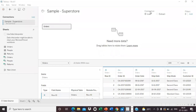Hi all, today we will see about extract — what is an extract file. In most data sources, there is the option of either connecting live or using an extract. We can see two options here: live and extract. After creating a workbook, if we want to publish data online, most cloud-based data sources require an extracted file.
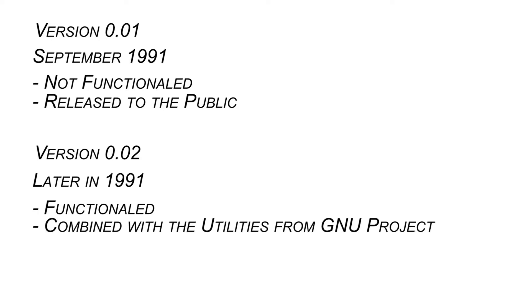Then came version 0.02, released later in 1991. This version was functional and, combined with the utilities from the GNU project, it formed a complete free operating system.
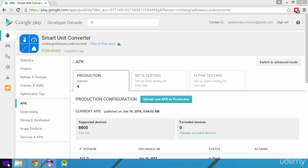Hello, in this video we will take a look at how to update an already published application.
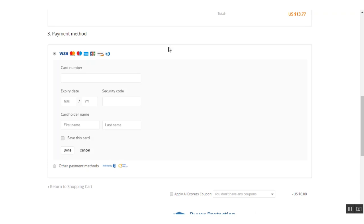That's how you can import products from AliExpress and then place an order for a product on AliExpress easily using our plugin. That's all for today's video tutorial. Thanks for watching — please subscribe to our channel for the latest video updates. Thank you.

────

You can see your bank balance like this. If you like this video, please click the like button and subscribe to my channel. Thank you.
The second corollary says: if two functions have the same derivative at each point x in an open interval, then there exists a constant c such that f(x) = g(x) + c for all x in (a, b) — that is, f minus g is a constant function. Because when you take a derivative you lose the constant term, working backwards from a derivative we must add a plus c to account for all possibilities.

────

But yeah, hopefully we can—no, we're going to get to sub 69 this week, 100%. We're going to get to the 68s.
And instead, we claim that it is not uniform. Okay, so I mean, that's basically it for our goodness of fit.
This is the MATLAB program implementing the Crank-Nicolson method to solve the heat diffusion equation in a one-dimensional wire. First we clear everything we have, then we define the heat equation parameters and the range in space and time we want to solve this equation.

────

→ **EXERCISE DETAILS**: In the material above, find the line containing "And instead, we" and the line containing "This is the", then write out exactly those two lines and every line between them, and nothing more.

→ **EXERCISE SOLUTION**:
And instead, we claim that it is not uniform. Okay, so I mean, that's basically it for our goodness of fit.
This is the MATLAB program implementing the Crank-Nicolson method to solve the heat diffusion equation in a one-dimensional wire. First we clear everything we have, then we define the heat equation parameters and the range in space and time we want to solve this equation.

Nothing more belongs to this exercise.